■ **Work to complete**: Beginning with the line containing "20020 Rima Circle" and ending with the line containing "a small stream", write out each line of the records below exactly; pictures and lines outside that range are left out.
Start of Dataset entries
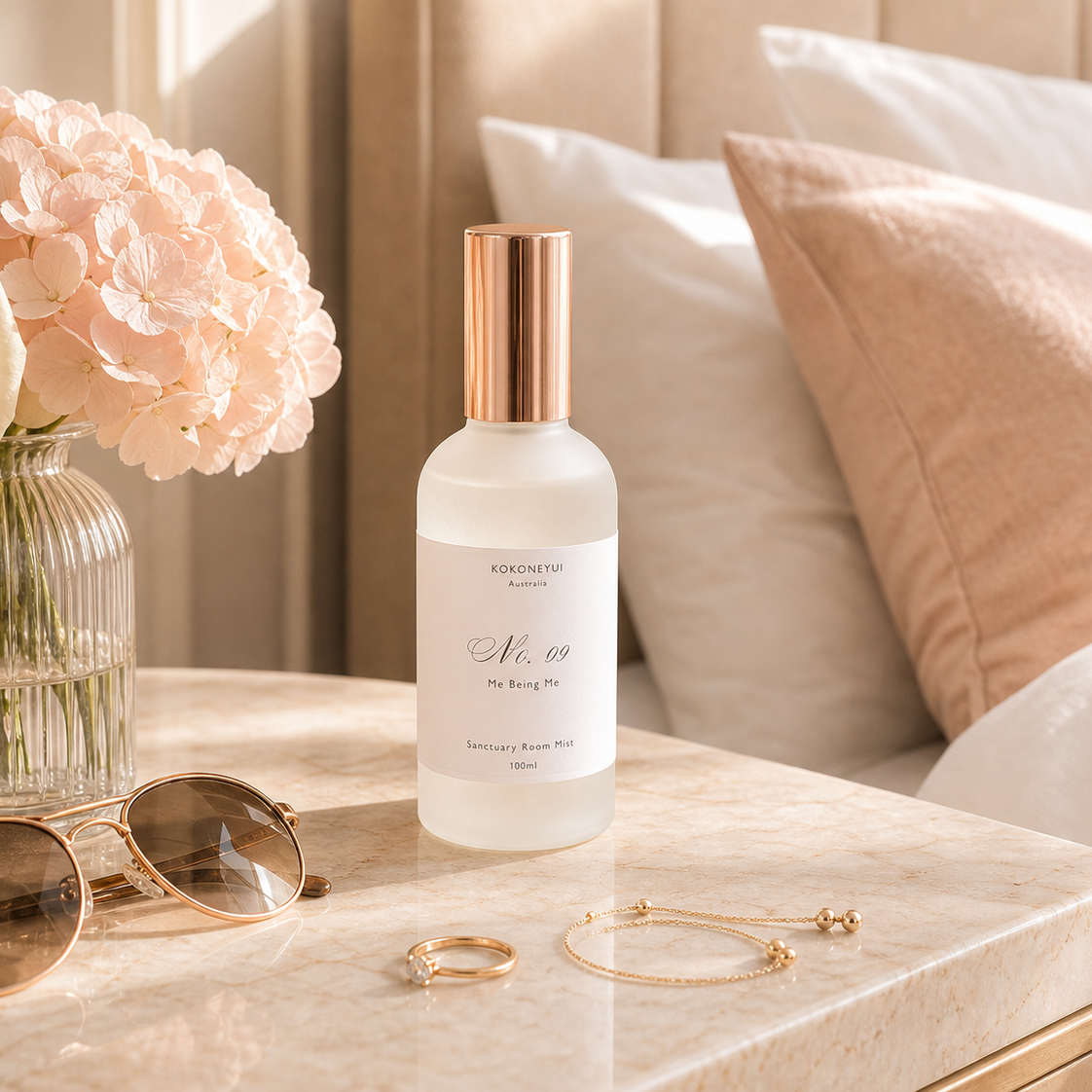 Room Mist Bottle on a marble surface with flowers, sunglasses, and jewellery in the background.
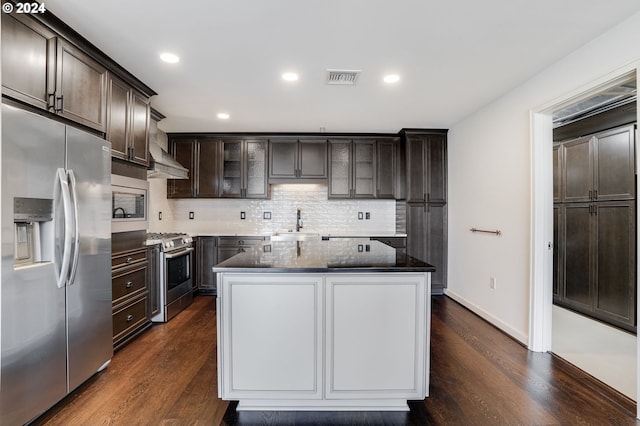 kitchen featuring appliances with stainless steel finishes, dark hardwood / wood-style floors, sink, and dark brown cabinets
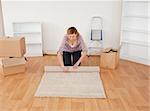 Blonde Frau einen Teppich aufrollen, Haus verschieben vorzubereiten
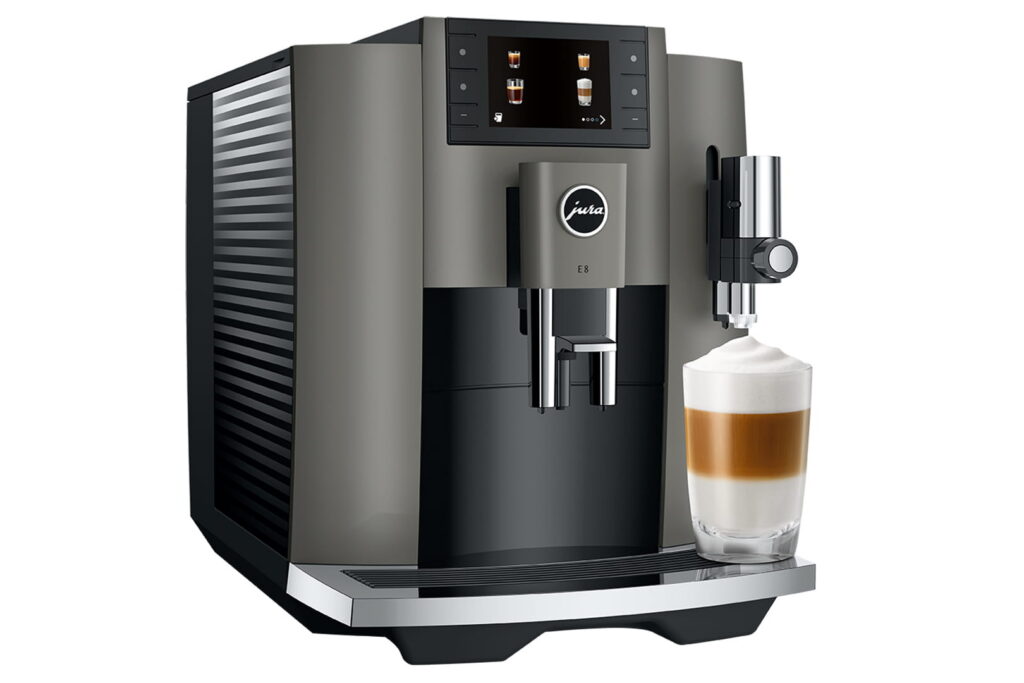 Jura E8 (EC) Kaffeevollautomat in Dark Inox, Seitenansicht schräg von vorn mit Latte macchiato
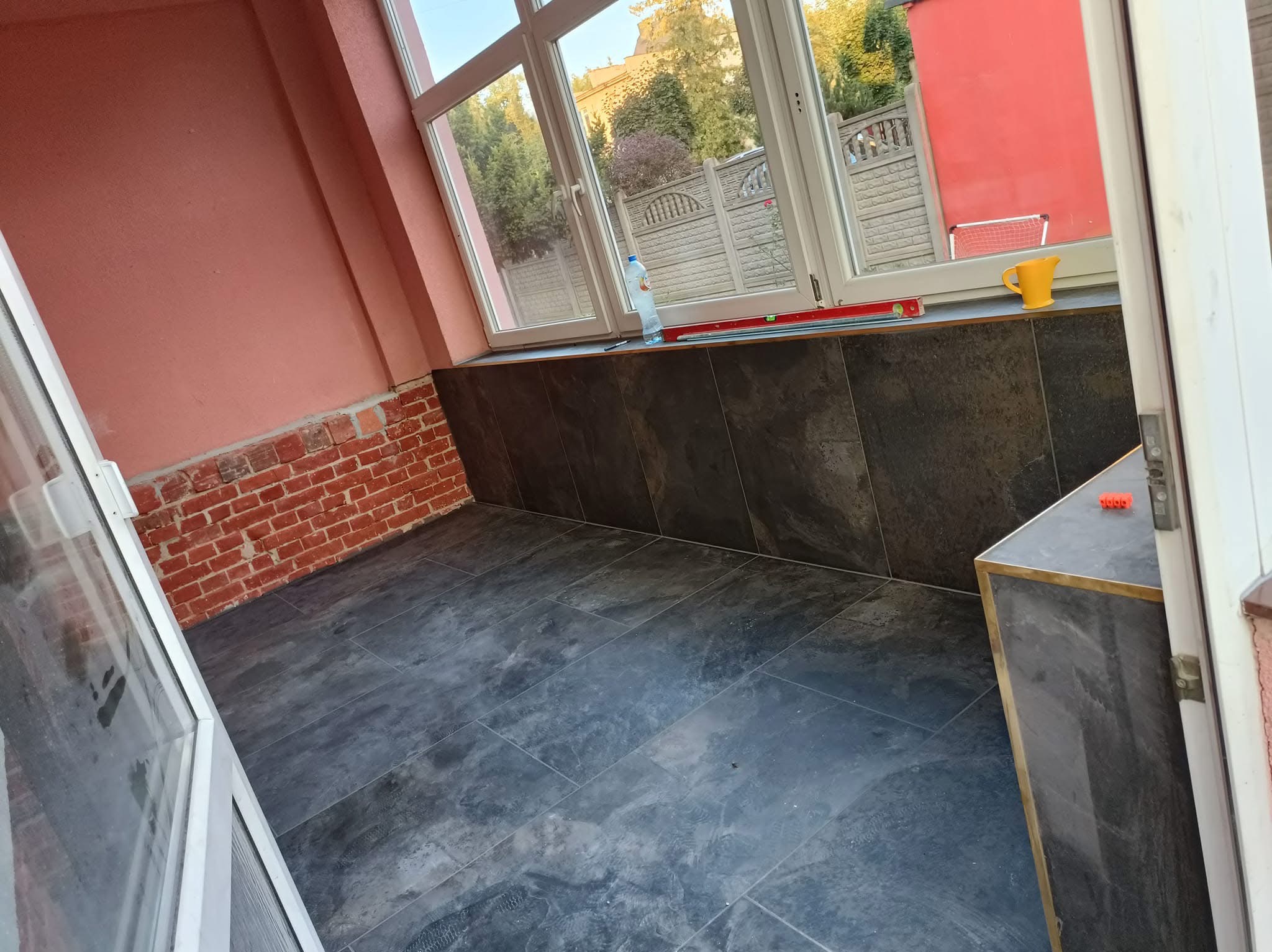 Wnętrze pomieszczenia w trakcie prac wykończeniowych: częściowo wyłożona ciemnymi płytkami ściana, surowa cegła na fragmencie ściany, widoczne płytki podłogowe, okno z widokiem na zewnątrz...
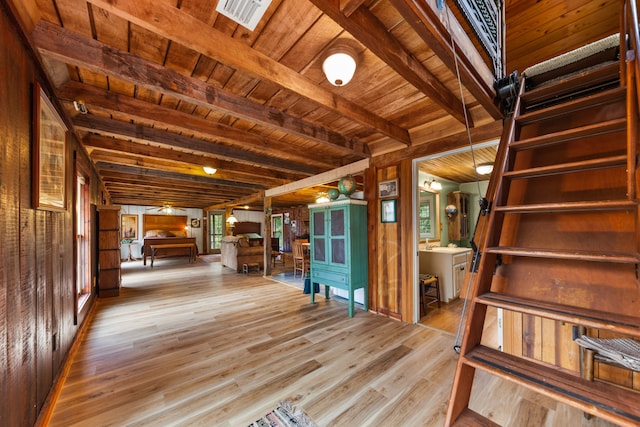 interior space featuring wood walls, wood ceiling, beamed ceiling, and light hardwood / wood-style flooring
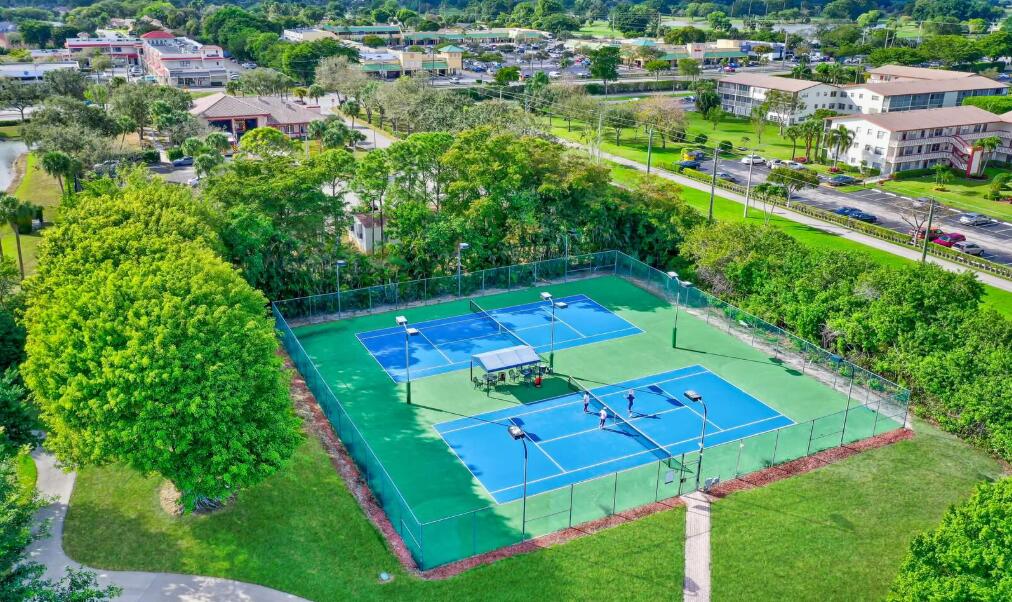 20020 Rima Circle Boca Raton, FL 33434 - Photo 8 of 26 an aerial view of a pool yard and mountain view in back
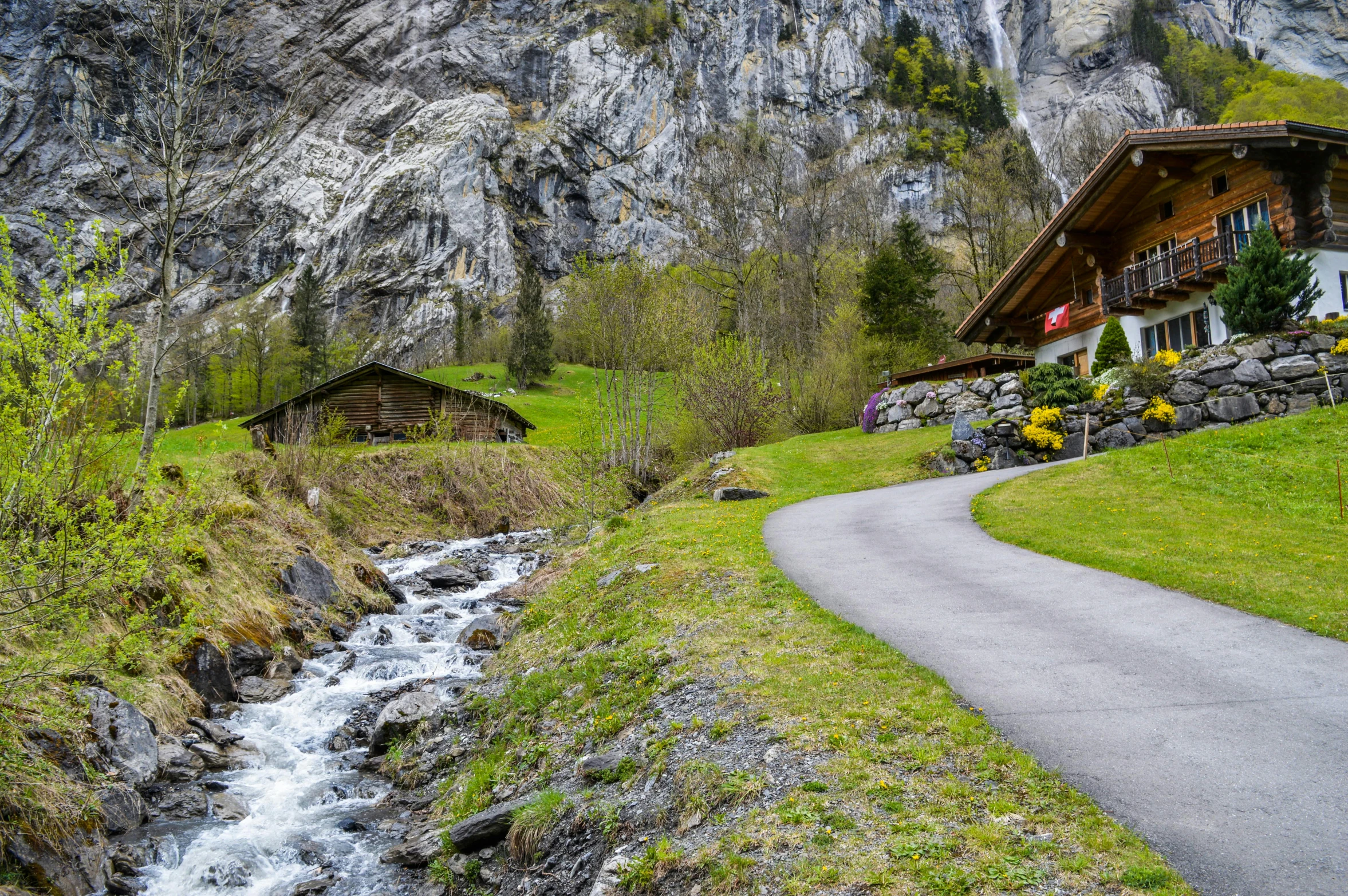 a small stream running through a lush green hillside, by Franz Hegi, pexels contest winner, wooden houses, lauterbrunnen valley, paved roads, avatar image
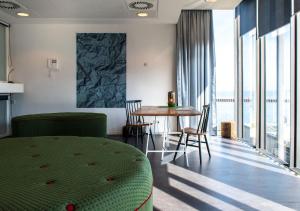 ein Wohnzimmer mit einem Tisch und Stühlen sowie einem großen Fenster in der Unterkunft SWEETS - Sluis Haveneiland in Amsterdam
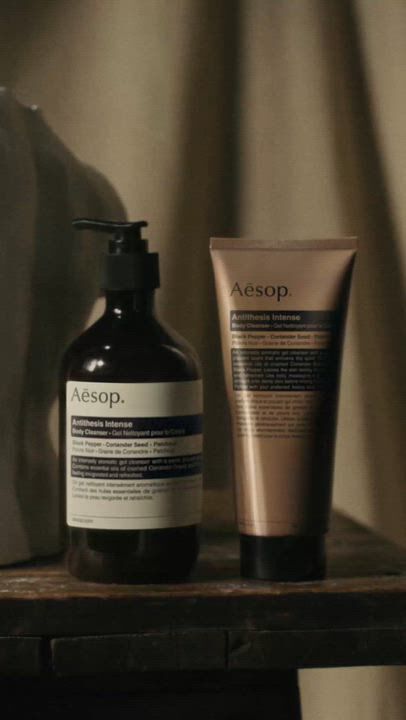Aesop Antithesis Intense Body Cleanser pump bottle and tube beside a white torso sculpture on a wooden work table.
End of Dataset entries
■ **Response to the exercise**:
 20020 Rima Circle Boca Raton, FL 33434 - Photo 8 of 26 an aerial view of a pool yard and mountain view in back
 a small stream running through a lush green hillside, by Franz Hegi, pexels contest winner, wooden houses, lauterbrunnen valley, paved roads, avatar image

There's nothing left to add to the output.